DURHAM -- The Durham County Library will host a performance of "Star Spangled Girls," an ensemble production from the Touring Theatre of North Carolina, today at 3 p.m. at the Main Library, 300 N. Roxboro St. The play, which is being presented in celebration of Women's History Month, is drawn from the memoirs and letters of 37 women veterans.
Over the course of the 75-minute production, a five-woman cast recreates the personal stories of women who served as Army nurses, WACs, WAVES and Red Cross volunteers. The play follows the women from recruitment and basic training through work assignments in the United States and overseas, to the end of the war. Stories of love and adventure, patriotism and sacrifice, discrimination and loss reveal how these "star spangled girls" became pioneers in the women's movement.
The play is free and open to the public and is co-presented by the League of Women Voters of Orange-Durham-Chatham. For more information, call Marian Fragola at 560-0268 or visit www.durhamcountylibrary.org.

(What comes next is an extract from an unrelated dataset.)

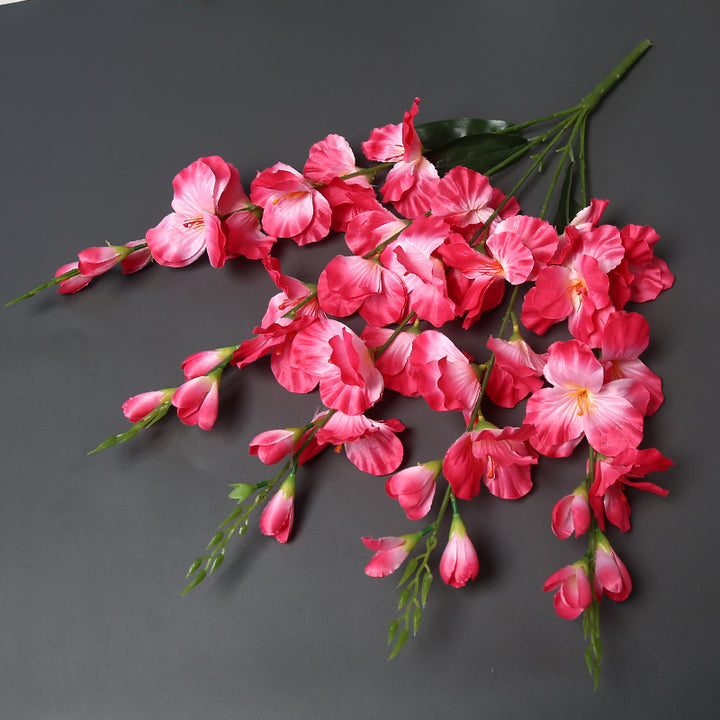 Levensechte Decoratieve Bloemenspray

Society to honor Mark L. Bradley
LEXINGTON Ky. -- University Press of Kentucky author Mark L. Bradley was recently selected as the recipient of the North Caroliniana Society's 2009 North Caroliniana Book Award for his book "Bluecoats & Tar Heels: Soldiers and Civilians in Reconstruction North Carolina."
In "Bluecoats and Tar Heels," Bradley tells the story of the U.S. Army's lengthy occupation of North Carolina after the Civil War, during a time of intense political instability and social unrest. Bradley's study examines military efforts to stabilize the region in the face of opposition from both ordinary citizens and terrorist organizations such as the Regulators and the Ku Klux Klan.

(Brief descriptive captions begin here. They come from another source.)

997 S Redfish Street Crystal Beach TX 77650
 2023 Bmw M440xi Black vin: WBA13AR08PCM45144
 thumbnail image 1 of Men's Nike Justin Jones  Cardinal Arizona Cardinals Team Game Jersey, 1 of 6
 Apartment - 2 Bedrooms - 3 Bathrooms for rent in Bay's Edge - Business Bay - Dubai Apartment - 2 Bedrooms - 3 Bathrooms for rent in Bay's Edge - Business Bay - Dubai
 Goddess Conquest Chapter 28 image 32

Bradley, staff historian at the U.S. Army Center of Military History in Washington, D.C., is the author of "Last Stand in the Carolinas: The Battle of Bentonville" and "This Astonishing Close: The Road to Bennett Place," which was a finalist for the 2001 Lincoln Prize.
He will be announced as the winner of the North Caroliniana Society's annual meeting at the University of North Carolina at Chapel Hill May 21.
Hosler to read from memoir
Author Mark Hosler will sign copies of his memoir "Shackles of Faith: Escape from a Backwoods Cult," March 19 at 2 p.m. at Fitch Creations, 2000 Fearrington Village, Pittsboro.
"Shackles of Faith" is Hosler's account of how he was excommunicated from a religious cult for questioning his pastor's ways.